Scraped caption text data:

>>

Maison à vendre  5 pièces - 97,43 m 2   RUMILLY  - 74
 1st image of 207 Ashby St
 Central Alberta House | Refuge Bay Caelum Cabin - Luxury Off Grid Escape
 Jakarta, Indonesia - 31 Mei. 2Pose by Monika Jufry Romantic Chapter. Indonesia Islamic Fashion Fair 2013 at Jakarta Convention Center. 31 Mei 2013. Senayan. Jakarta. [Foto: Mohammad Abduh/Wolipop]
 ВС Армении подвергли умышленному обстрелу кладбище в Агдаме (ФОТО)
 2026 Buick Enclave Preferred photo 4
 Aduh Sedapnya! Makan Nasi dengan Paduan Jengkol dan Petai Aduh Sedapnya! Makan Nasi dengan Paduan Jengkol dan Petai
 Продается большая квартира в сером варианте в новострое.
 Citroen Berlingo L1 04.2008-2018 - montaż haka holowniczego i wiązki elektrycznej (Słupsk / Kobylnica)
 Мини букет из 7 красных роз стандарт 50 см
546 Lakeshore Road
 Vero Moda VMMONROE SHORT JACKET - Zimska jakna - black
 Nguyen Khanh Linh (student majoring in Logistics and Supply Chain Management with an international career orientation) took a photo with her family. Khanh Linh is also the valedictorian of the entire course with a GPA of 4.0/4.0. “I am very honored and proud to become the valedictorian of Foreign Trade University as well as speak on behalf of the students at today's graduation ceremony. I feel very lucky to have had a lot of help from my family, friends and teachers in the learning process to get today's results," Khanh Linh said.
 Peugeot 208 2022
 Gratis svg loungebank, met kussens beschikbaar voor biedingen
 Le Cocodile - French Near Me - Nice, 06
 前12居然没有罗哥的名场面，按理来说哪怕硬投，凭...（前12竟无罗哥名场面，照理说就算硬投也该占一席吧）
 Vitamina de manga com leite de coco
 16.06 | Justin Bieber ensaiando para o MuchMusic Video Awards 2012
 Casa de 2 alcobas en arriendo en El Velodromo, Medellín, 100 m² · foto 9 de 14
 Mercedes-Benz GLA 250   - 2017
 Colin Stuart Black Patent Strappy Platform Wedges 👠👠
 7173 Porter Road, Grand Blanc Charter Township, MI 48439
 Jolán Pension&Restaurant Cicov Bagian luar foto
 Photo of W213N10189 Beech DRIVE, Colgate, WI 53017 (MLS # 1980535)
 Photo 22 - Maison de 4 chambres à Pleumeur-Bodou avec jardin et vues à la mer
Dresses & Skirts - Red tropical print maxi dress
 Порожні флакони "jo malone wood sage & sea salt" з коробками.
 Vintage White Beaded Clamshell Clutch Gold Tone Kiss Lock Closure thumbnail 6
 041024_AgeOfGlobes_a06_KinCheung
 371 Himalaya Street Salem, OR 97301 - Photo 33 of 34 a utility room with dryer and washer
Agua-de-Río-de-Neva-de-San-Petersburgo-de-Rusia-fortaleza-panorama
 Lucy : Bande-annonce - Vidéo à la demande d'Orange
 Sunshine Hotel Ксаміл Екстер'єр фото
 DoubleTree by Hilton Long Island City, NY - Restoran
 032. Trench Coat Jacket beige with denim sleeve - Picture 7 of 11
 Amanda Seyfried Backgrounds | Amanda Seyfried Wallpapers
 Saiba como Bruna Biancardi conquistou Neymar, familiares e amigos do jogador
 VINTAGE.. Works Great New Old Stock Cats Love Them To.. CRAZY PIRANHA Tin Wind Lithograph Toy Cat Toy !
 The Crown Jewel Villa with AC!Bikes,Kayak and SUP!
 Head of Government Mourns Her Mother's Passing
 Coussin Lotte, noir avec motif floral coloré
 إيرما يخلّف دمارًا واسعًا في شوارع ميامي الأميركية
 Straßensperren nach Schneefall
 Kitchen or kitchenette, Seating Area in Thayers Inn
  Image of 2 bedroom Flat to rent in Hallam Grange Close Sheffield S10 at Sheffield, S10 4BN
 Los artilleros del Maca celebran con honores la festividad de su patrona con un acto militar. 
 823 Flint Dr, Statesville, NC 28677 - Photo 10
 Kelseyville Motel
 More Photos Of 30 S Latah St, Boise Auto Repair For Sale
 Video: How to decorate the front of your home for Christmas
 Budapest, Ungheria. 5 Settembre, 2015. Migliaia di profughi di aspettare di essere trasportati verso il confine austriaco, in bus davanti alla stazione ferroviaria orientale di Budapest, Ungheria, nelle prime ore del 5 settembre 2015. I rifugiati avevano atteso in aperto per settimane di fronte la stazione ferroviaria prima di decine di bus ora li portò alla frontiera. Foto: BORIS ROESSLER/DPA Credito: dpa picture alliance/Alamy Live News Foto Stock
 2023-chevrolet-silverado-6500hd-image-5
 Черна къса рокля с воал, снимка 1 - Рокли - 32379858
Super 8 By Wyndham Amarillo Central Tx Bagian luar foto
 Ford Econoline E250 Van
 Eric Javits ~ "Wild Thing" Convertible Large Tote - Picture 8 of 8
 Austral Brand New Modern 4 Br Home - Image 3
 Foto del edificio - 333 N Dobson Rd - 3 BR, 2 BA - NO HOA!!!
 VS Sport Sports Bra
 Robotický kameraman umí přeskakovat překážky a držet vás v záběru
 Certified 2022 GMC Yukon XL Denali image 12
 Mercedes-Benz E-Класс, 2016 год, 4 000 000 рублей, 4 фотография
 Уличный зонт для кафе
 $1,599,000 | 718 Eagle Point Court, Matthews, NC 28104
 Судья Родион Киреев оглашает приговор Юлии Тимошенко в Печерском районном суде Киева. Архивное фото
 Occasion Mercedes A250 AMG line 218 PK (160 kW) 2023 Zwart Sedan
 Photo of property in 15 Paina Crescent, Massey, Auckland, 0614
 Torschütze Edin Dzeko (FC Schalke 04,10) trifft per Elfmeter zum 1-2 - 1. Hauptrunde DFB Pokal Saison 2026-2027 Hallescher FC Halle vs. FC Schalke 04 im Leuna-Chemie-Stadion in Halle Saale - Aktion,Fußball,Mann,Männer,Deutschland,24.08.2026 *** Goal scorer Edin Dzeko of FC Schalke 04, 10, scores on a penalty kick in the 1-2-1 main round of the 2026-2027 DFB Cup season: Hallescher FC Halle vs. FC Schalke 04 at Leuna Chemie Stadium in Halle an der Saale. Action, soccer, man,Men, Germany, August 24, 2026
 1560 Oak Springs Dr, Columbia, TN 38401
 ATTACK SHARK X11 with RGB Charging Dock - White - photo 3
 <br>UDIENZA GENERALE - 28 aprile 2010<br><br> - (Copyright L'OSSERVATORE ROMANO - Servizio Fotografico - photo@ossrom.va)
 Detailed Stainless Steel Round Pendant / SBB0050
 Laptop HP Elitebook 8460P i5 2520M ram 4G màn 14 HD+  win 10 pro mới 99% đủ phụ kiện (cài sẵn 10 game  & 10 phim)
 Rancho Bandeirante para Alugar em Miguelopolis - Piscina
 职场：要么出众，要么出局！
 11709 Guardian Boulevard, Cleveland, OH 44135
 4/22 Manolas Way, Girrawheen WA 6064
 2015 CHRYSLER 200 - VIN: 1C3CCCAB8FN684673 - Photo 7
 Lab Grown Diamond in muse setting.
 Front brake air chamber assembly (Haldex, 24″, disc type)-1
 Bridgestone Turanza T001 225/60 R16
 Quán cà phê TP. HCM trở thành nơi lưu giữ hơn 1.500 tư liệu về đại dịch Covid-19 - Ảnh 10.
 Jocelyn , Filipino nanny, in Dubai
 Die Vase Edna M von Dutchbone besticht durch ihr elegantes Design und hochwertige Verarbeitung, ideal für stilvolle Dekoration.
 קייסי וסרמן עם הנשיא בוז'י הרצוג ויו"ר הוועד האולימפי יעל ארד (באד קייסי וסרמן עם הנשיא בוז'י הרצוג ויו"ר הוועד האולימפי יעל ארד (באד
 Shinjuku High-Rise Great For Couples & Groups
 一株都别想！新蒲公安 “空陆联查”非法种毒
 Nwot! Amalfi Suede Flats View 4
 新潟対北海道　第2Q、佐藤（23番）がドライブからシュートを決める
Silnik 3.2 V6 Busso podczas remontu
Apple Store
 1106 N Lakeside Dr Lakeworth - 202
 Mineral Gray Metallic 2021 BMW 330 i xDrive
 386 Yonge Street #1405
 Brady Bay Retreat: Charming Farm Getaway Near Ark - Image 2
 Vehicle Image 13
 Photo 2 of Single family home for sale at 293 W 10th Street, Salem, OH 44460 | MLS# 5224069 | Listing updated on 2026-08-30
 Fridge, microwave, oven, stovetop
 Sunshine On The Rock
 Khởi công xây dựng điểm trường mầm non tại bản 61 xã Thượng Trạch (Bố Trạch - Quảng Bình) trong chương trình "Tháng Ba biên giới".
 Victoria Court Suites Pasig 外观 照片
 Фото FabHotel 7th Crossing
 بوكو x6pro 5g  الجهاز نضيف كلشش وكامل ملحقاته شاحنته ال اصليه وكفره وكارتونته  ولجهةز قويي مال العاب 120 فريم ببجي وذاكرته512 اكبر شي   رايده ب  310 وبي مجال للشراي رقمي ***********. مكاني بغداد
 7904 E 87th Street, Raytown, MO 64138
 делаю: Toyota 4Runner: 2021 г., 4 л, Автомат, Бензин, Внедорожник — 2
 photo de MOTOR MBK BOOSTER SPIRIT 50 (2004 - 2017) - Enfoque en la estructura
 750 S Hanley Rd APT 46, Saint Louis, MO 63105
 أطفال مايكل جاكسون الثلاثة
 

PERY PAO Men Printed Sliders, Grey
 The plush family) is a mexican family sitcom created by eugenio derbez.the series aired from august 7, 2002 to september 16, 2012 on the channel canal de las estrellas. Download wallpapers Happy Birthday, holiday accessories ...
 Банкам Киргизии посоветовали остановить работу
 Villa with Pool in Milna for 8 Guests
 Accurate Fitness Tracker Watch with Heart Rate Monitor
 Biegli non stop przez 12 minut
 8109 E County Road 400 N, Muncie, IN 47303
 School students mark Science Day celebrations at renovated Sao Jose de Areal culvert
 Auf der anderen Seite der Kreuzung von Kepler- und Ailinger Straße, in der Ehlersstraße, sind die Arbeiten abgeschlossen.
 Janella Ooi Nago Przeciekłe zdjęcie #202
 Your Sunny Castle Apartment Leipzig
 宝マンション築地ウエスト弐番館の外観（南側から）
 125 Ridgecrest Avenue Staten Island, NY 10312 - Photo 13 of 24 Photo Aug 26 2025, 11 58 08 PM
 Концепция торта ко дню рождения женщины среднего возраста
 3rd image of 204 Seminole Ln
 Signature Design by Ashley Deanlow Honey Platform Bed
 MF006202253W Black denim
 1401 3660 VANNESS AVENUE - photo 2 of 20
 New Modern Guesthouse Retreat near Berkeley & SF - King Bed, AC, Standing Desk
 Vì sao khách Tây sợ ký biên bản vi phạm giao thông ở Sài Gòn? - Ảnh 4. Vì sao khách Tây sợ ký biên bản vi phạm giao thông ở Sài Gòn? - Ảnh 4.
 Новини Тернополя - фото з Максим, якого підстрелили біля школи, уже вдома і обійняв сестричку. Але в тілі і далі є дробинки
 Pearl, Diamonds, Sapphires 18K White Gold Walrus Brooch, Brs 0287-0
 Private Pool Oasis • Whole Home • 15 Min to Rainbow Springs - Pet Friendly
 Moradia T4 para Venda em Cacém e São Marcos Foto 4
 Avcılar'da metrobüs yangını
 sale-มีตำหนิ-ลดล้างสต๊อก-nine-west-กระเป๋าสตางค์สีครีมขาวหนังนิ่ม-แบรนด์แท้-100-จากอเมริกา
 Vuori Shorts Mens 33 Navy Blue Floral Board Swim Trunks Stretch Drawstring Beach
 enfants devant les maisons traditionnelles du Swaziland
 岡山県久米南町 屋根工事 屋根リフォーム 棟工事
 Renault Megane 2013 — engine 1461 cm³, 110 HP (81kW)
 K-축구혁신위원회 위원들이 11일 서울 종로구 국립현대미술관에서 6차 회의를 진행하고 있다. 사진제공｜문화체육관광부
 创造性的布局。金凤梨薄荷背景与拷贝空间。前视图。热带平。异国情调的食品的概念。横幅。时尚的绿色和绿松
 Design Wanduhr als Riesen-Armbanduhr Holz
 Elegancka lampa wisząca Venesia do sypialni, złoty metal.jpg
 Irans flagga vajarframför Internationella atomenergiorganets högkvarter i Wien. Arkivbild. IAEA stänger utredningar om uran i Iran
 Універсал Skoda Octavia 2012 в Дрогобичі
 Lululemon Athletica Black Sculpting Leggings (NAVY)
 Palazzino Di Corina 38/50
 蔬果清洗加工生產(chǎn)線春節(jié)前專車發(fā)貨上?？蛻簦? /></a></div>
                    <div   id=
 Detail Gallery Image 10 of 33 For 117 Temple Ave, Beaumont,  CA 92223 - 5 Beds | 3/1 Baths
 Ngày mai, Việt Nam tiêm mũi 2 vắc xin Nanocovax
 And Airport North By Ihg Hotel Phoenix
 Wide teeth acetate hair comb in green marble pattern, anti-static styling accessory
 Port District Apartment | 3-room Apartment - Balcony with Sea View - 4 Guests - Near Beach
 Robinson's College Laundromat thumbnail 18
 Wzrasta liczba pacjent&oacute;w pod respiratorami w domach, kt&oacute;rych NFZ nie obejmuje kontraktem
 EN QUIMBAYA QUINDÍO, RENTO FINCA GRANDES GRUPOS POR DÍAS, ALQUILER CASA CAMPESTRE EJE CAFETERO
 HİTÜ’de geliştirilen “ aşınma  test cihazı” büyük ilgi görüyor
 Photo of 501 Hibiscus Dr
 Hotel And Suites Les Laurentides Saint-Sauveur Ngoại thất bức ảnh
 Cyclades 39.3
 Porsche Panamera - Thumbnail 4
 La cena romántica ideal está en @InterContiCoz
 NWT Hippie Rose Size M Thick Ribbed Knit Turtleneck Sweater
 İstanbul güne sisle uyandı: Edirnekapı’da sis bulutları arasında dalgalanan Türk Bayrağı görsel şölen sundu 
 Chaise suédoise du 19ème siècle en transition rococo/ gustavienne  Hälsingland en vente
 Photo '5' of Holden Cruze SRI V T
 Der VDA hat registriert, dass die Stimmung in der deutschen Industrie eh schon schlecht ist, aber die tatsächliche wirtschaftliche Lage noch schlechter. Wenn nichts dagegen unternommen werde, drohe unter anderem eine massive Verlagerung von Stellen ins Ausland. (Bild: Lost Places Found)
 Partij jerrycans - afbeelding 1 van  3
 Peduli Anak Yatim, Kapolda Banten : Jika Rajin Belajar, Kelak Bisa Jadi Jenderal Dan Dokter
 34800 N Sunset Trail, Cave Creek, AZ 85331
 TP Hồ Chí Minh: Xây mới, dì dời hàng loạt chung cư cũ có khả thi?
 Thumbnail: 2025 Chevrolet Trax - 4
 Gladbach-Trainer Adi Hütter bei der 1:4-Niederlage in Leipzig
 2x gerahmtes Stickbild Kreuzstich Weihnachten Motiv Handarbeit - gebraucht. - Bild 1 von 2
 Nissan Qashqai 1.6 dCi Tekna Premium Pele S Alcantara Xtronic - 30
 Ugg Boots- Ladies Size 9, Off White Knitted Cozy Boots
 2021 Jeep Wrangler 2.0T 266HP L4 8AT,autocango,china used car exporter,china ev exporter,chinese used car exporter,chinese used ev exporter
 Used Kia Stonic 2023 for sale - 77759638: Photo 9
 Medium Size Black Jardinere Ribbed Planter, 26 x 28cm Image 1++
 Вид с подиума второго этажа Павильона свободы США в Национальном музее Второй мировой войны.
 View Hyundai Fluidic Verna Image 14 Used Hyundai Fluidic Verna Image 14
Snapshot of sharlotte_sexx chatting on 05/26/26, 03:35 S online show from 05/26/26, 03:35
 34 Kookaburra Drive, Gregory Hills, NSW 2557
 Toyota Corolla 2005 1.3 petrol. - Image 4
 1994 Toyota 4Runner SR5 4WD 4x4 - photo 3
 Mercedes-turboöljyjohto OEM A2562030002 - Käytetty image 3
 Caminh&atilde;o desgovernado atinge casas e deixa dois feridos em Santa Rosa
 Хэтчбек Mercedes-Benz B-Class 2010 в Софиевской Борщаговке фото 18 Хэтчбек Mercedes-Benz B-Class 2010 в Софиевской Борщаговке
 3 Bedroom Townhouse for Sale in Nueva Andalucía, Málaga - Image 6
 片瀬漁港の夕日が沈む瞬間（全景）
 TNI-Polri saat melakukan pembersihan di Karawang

<<

**What you have to do**. Copy out the entries exactly. Begin at the first line and end with the line that has "546 Lakeshore Road".

**Solved problem**.
Maison à vendre  5 pièces - 97,43 m 2   RUMILLY  - 74
 1st image of 207 Ashby St
 Central Alberta House | Refuge Bay Caelum Cabin - Luxury Off Grid Escape
 Jakarta, Indonesia - 31 Mei. 2Pose by Monika Jufry Romantic Chapter. Indonesia Islamic Fashion Fair 2013 at Jakarta Convention Center. 31 Mei 2013. Senayan. Jakarta. [Foto: Mohammad Abduh/Wolipop]
 ВС Армении подвергли умышленному обстрелу кладбище в Агдаме (ФОТО)
 2026 Buick Enclave Preferred photo 4
 Aduh Sedapnya! Makan Nasi dengan Paduan Jengkol dan Petai Aduh Sedapnya! Makan Nasi dengan Paduan Jengkol dan Petai
 Продается большая квартира в сером варианте в новострое.
 Citroen Berlingo L1 04.2008-2018 - montaż haka holowniczego i wiązki elektrycznej (Słupsk / Kobylnica)
 Мини букет из 7 красных роз стандарт 50 см
546 Lakeshore Road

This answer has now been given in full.